You are viewing a plain text version of this content. The canonical link for it is here.
Posted to commits@nutch.apache.org by le...@apache.org on 2014/01/13 14:21:26 UTC

svn commit: r1557707 - in /nutch/branches/2.x: CHANGES.txt src/java/org/apache/nutch/crawl/DbUpdateReducer.java

Author: lewismc
Date: Mon Jan 13 13:21:26 2014
New Revision: 1557707

URL: http://svn.apache.org/r1557707
Log:
NUTCH-1672 Inlinks are added twice in DbUpdateReducer

Modified:
    nutch/branches/2.x/CHANGES.txt
    nutch/branches/2.x/src/java/org/apache/nutch/crawl/DbUpdateReducer.java

Modified: nutch/branches/2.x/CHANGES.txt
URL: http://svn.apache.org/viewvc/nutch/branches/2.x/CHANGES.txt?rev=1557707&r1=1557706&r2=1557707&view=diff
==============================================================================
--- nutch/branches/2.x/CHANGES.txt (original)
+++ nutch/branches/2.x/CHANGES.txt Mon Jan 13 13:21:26 2014
@@ -2,6 +2,8 @@ Nutch Change Log
 
 Current Development
 
+* NUTCH-1672 Inlinks are added twice in DbUpdateReducer (Tien Nguyen Manh via lewismc)
+
 * NUTCH-1667 Updatedb always ignore batchId (Tien Nguyen Manh via lewismc)
 
 * NUTCH-1695 NutchDocument.toString() (markus via lewismc)

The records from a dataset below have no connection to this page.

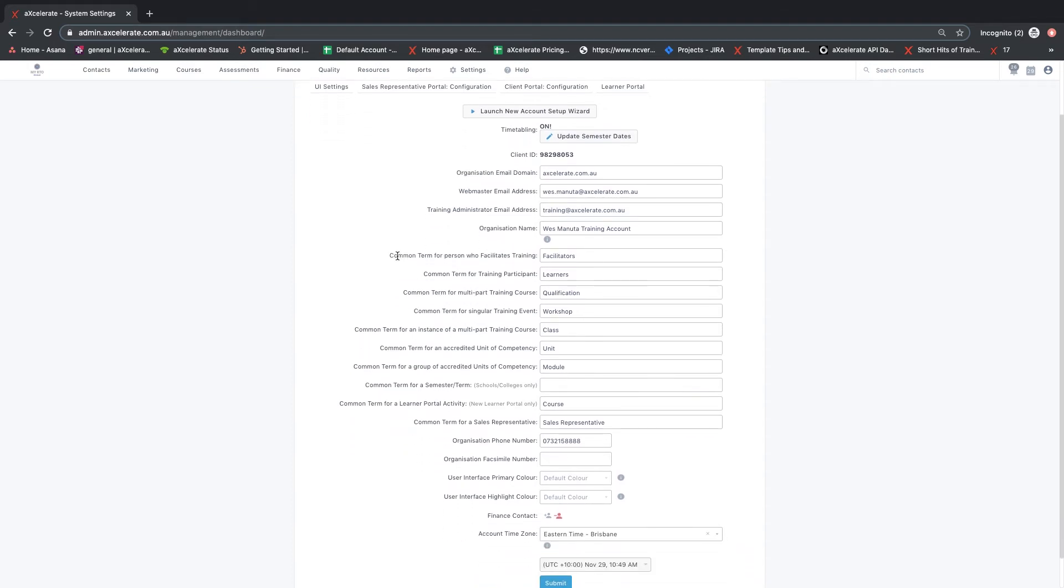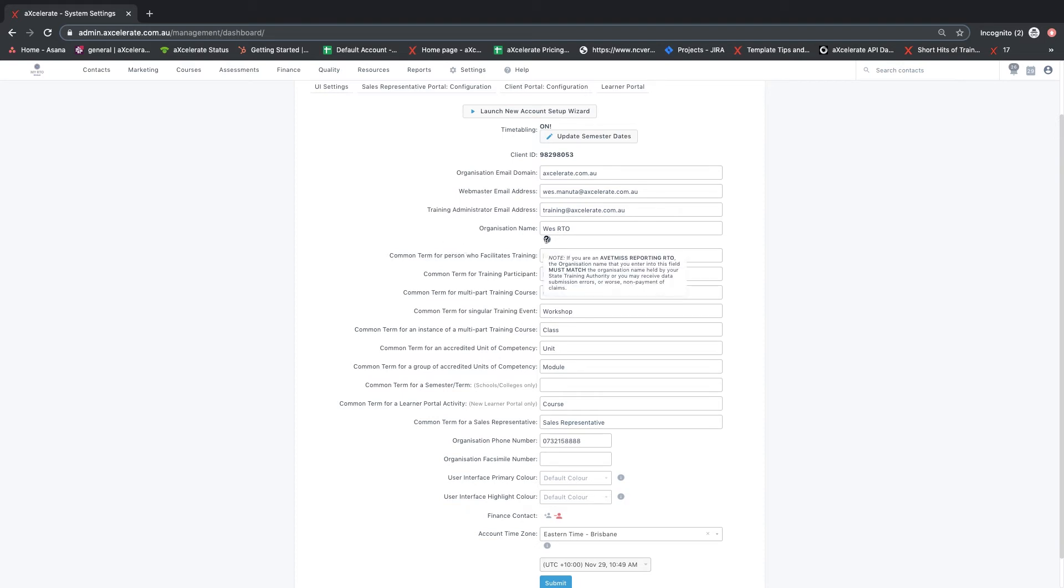The organisation name field stores the name that is used for AVETMIS reporting and can be dynamically included in your templates. If you are an AVETMIS reporting RTO, the organisation name that you enter into this field must match the organisation name held by your state training authority. If this does not match, you may receive data submission errors or non-payment of claims.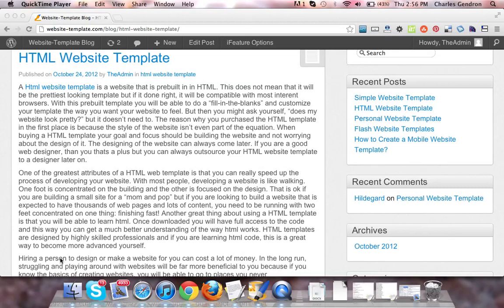Hey guys, welcome to website-template.com. In this video, we're going to be talking about HTML website templates.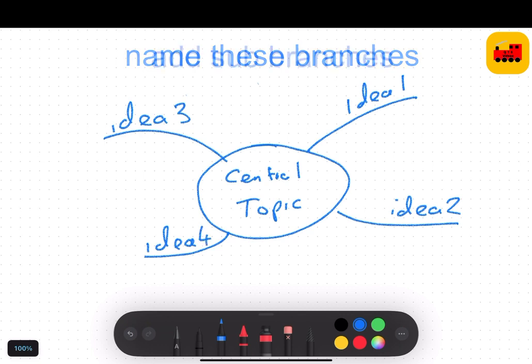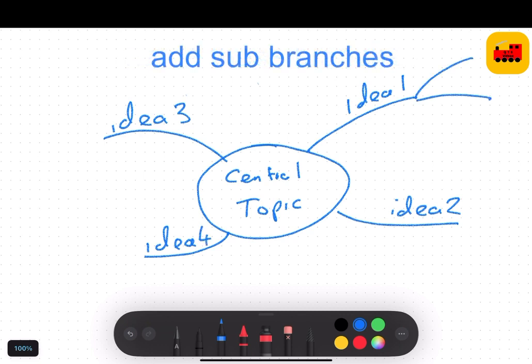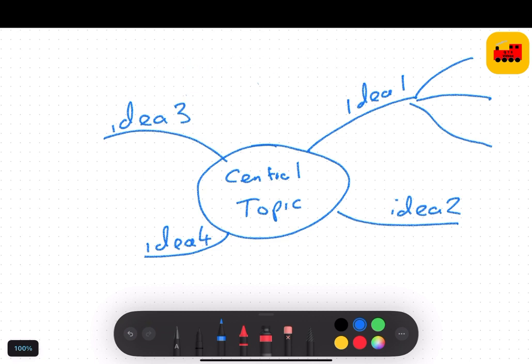Then add subsequent sub-branches. And then keep developing as you go from here.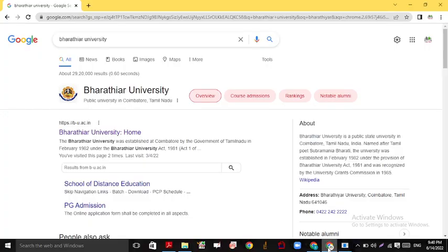Hi guys, welcome to everyone. In this video, we have an important notification regarding Bharathiyar University.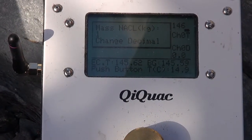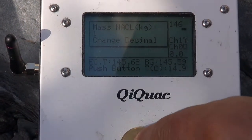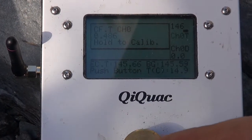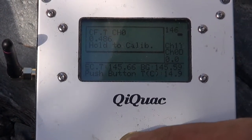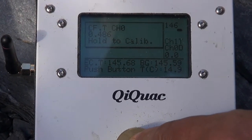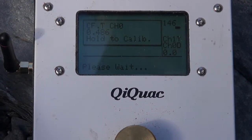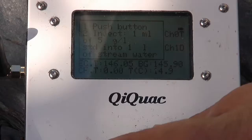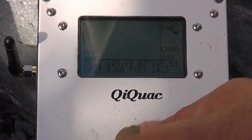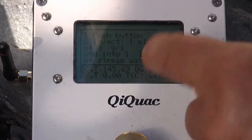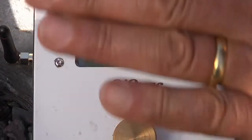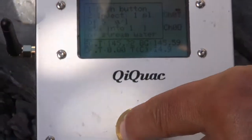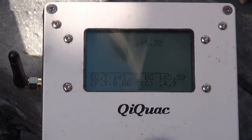Change decimal, no, press that again, hold to calibrate. We want to calibrate it, so we press it and hold it, and let it go. It's waiting. 145.68, so it's pretty close together. So now we want to push the button to have that background reading, there it is there.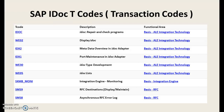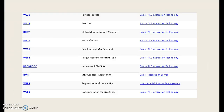SXMB_MONI is for integration engine monitoring. SM59 is for RFC destination — display and maintain the RFC destination. SM58 is for asynchronous RFC error log. WE20 transaction is for creation of partner profiles. WE19 is for test tools.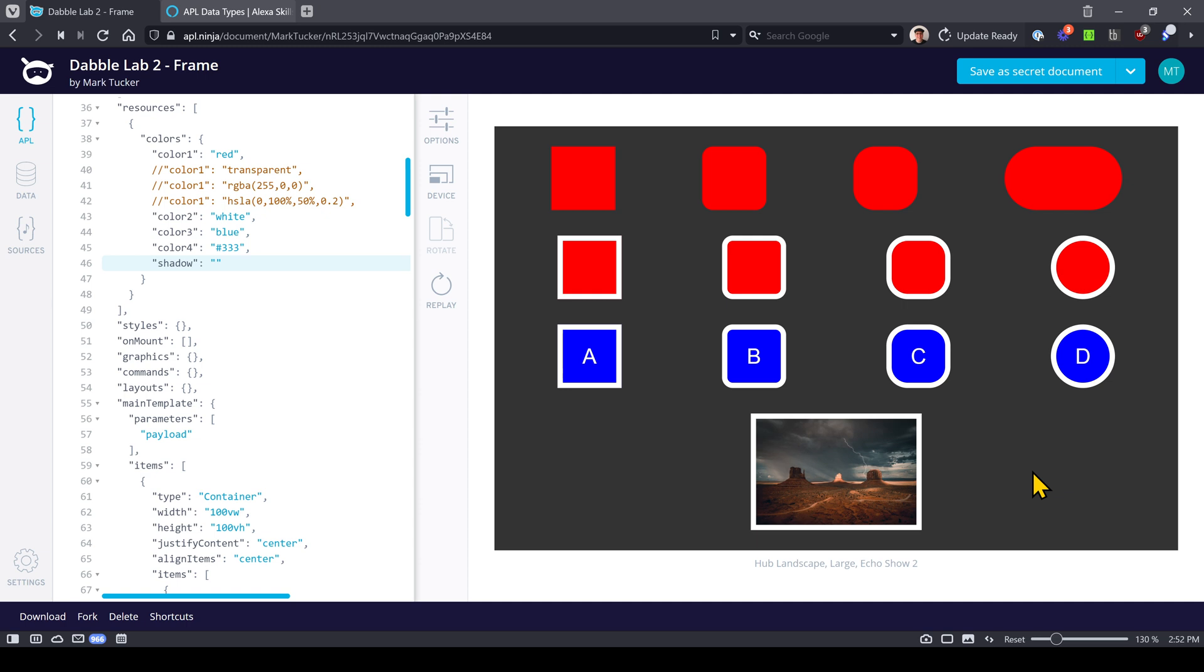In this episode we learned about the frame component and how it can be a parent to a single component like text and image. In the next video we'll explore the text component. I hope this video was helpful. If it was, please let me know with a like or a share. Thanks again for watching.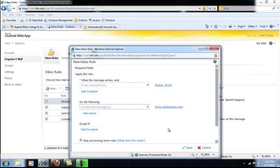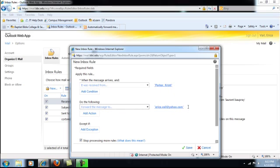So what you're telling Outlook to do is when a message arrives and it was received from Christy Parker, forward the message to my personal email address and then click Save.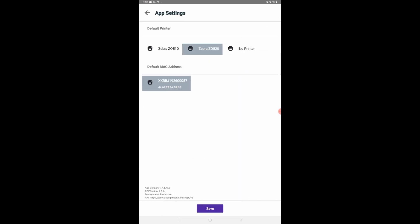First, select the model of your printer. Next, select your printer's MAC address. The MAC address of your printer appears as the serial number at the bottom side of your printer.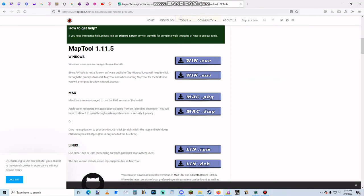Alright, that's it for this video — this was just an introduction. In my next video I'm going to go over a little bit more of how to use MapTool. Thanks for watching.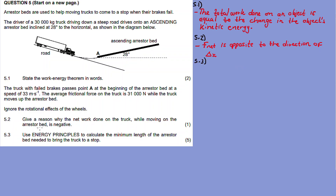5.3: use energy principles to calculate the minimum length of the arrestor bed needed to bring the truck to a stop. We need to find delta x in this case. Let's draw a free-body diagram — not that it's required, but for the sake of painting a picture around this problem.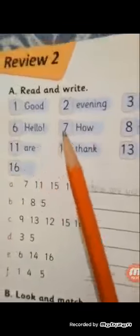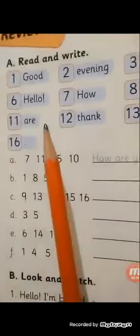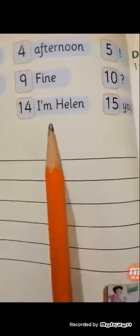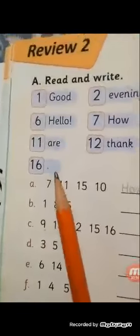Here we have some words. Number 1: good. Number 2: evening. Number 3: good bye. Number 4: afternoon. Number 5: exclamation mark. Number 6: hello. Number 7: how. Number 8: morning. Number 9: fine. Number 10: question mark. Number 11: hour. Number 12: thank. Number 13: comma. Number 14: I am Helen. Number 15: you. Number 16: full stop.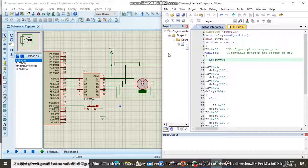In this video we will see the interfacing circuit diagram of a microcontroller with a stepper motor, and a program to monitor the status of a switch and perform two different operations. If switch is equal to 0, the stepper motor moves in clockwise direction, and if switch is equal to 1, the stepper motor moves in counter-clockwise (anti-clockwise) direction.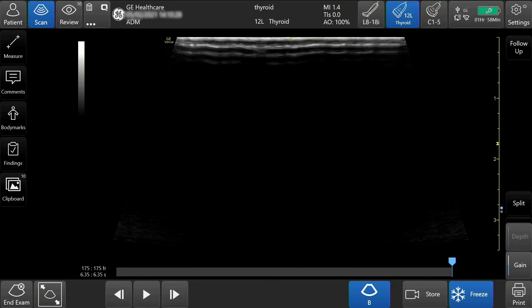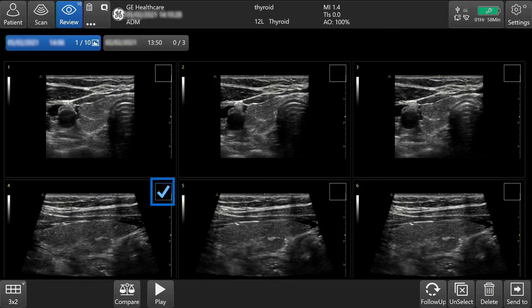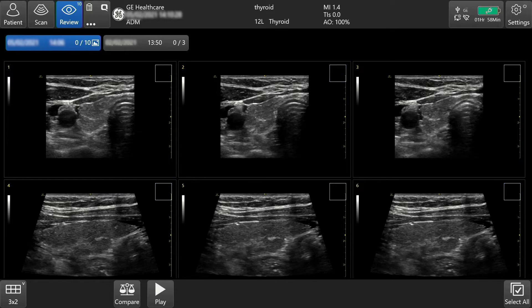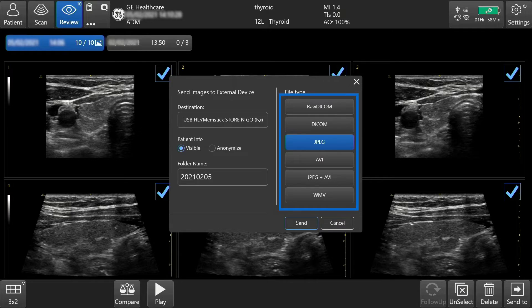Or, you can send images to an external device by tapping Review in the upper left-hand side of the screen. Tap the images you would like to send, or press Select All in the lower right-hand corner to highlight all images. Tap Send To and select your destination. If desired, you can anonymize the patient here.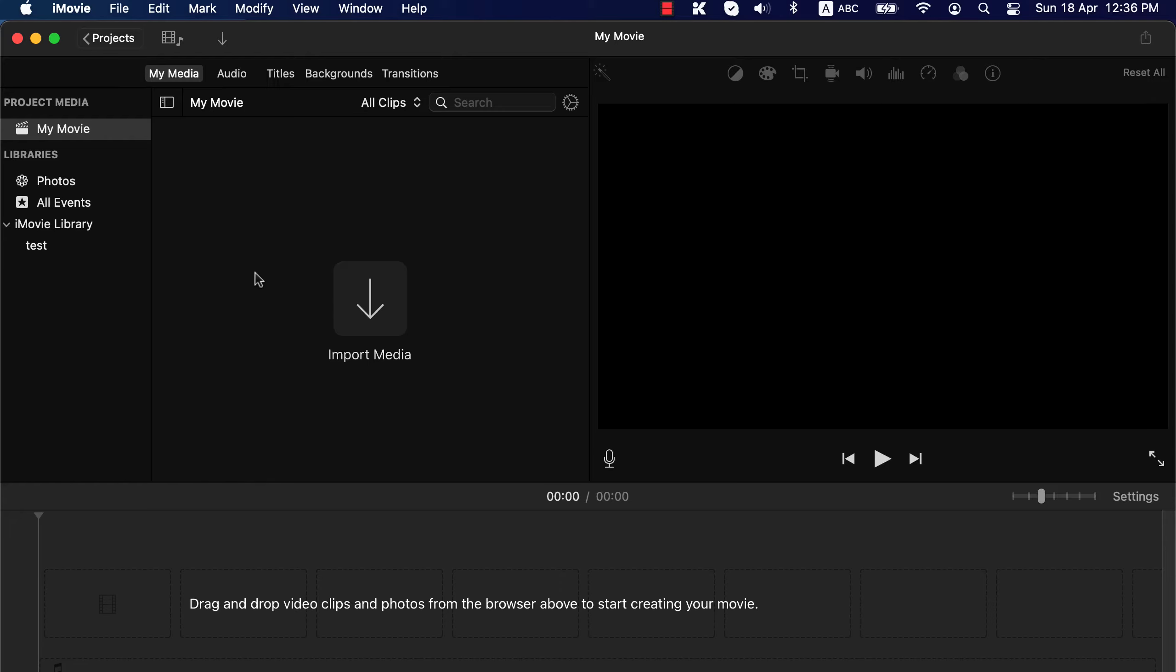This is a beginner-level iMovie tutorial to get you started. I will discuss the basic skills you need to edit video in iMovie. After watching this tutorial, you will be able to work with multiple video files, removing parts of the video and rearranging the video clips. I will also show you how to work with sound. Let's get started.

Modified: nutch/branches/2.x/src/java/org/apache/nutch/crawl/DbUpdateReducer.java
URL: http://svn.apache.org/viewvc/nutch/branches/2.x/src/java/org/apache/nutch/crawl/DbUpdateReducer.java?rev=1557707&r1=1557706&r2=1557707&view=diff
==============================================================================
--- nutch/branches/2.x/src/java/org/apache/nutch/crawl/DbUpdateReducer.java (original)
+++ nutch/branches/2.x/src/java/org/apache/nutch/crawl/DbUpdateReducer.java Mon Jan 13 13:21:26 2014
@@ -159,10 +159,7 @@ extends GoraReducer<UrlWithScore, NutchW
     if (page.getInlinks() != null) {
       page.getInlinks().clear();
     }
-    for (ScoreDatum inlink : inlinkedScoreData) {
-      page.putToInlinks(new Utf8(inlink.getUrl()), new Utf8(inlink.getAnchor()));
-    }
-
+    
     // Distance calculation.
     // Retrieve smallest distance from all inlinks distances
     // Calculate new distance for current page: smallest inlink distance plus 1.